Please quote exactly the opening lines of the data, from the first line to the one where "THE 密室からの脱出 2 SIMPLE DSシリーズVol.45/ニンテンドーDS" appears.

++++++

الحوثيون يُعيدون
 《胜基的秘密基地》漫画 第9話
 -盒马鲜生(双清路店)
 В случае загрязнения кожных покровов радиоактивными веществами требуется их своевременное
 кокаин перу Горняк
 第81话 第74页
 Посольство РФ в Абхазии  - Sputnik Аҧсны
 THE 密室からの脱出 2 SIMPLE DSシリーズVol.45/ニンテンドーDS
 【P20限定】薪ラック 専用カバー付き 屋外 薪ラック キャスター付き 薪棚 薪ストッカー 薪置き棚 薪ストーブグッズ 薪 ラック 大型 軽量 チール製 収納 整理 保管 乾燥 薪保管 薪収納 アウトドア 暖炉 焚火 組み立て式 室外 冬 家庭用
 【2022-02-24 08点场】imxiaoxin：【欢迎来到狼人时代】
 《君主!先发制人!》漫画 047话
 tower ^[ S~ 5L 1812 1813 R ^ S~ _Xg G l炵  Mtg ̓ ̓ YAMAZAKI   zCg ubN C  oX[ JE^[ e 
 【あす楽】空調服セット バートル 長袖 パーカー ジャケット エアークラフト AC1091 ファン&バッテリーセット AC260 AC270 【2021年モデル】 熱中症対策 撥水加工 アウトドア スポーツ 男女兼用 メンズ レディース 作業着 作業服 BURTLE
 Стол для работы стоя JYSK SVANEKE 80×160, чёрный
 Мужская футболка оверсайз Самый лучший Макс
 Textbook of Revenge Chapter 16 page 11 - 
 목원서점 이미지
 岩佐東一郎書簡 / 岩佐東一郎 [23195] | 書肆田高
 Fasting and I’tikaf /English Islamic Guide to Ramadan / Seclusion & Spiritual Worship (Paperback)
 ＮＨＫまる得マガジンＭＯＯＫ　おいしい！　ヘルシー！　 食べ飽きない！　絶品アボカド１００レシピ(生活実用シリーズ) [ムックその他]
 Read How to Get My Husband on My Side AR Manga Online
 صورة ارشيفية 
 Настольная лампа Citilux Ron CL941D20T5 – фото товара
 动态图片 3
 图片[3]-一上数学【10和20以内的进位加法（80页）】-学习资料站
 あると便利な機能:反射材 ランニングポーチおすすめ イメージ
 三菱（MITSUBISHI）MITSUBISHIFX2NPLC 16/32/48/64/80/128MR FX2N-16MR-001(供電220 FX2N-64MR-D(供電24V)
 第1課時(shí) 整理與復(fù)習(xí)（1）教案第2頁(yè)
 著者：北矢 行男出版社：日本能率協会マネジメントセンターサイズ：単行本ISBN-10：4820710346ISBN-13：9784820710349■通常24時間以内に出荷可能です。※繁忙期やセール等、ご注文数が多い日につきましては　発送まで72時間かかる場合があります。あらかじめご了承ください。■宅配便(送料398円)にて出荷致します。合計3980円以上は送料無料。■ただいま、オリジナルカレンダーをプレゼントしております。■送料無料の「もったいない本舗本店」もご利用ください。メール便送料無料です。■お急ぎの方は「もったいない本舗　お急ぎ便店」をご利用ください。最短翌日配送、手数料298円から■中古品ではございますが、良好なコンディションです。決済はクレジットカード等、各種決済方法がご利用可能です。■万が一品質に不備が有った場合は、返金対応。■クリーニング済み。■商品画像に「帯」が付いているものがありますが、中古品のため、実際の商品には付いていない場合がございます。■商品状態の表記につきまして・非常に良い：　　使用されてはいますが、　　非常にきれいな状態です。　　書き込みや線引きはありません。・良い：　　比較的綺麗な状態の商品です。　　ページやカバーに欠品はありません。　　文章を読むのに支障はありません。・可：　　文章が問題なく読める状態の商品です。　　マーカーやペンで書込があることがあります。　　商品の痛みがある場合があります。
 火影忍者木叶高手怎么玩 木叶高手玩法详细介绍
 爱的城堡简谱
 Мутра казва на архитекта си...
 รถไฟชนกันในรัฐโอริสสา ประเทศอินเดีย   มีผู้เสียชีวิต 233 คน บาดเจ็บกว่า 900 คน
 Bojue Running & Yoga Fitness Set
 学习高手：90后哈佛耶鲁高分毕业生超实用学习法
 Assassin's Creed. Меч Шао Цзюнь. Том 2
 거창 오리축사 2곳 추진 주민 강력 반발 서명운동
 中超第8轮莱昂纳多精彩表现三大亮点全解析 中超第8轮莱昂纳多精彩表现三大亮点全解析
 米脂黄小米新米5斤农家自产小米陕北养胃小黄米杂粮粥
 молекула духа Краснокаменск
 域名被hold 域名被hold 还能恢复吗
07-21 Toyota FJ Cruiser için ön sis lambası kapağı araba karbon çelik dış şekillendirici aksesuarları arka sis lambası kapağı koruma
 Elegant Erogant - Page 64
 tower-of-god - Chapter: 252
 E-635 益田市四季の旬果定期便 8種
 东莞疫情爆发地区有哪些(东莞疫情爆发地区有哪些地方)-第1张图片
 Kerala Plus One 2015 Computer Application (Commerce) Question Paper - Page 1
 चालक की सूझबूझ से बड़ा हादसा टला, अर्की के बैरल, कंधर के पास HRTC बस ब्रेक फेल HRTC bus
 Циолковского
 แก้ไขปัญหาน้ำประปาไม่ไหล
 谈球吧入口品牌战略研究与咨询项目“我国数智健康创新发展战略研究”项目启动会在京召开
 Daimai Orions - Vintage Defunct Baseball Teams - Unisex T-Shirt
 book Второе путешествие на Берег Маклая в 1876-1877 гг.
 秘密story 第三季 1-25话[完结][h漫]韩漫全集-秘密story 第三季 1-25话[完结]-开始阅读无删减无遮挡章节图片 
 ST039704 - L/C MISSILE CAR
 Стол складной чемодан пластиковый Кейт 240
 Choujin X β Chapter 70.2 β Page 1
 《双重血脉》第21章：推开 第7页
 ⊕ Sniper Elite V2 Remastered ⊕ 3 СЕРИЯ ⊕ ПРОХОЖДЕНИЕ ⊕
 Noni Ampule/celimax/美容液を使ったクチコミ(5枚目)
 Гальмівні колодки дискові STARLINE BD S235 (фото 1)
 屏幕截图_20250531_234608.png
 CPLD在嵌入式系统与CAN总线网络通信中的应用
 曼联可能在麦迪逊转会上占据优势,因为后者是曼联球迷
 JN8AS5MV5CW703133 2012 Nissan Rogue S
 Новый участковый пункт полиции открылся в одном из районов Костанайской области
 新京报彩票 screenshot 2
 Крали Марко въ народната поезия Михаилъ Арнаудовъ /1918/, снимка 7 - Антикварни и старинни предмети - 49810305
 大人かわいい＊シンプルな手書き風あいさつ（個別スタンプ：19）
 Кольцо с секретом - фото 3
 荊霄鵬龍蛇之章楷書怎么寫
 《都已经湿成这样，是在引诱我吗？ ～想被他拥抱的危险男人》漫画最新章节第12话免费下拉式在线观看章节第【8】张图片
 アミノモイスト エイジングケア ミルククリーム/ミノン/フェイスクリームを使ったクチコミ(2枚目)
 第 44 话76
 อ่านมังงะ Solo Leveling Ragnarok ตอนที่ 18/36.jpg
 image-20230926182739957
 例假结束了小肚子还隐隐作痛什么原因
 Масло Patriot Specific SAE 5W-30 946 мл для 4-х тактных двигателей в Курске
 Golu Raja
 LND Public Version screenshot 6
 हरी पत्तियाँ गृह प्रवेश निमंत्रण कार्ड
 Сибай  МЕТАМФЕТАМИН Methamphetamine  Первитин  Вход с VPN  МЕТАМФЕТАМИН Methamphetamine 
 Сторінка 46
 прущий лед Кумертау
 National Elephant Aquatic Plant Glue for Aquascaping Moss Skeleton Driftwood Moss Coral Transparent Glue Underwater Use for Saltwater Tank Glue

++++++

OUTPUT BELOW ::
الحوثيون يُعيدون
 《胜基的秘密基地》漫画 第9話
 -盒马鲜生(双清路店)
 В случае загрязнения кожных покровов радиоактивными веществами требуется их своевременное
 кокаин перу Горняк
 第81话 第74页
 Посольство РФ в Абхазии  - Sputnik Аҧсны
 THE 密室からの脱出 2 SIMPLE DSシリーズVol.45/ニンテンドーDS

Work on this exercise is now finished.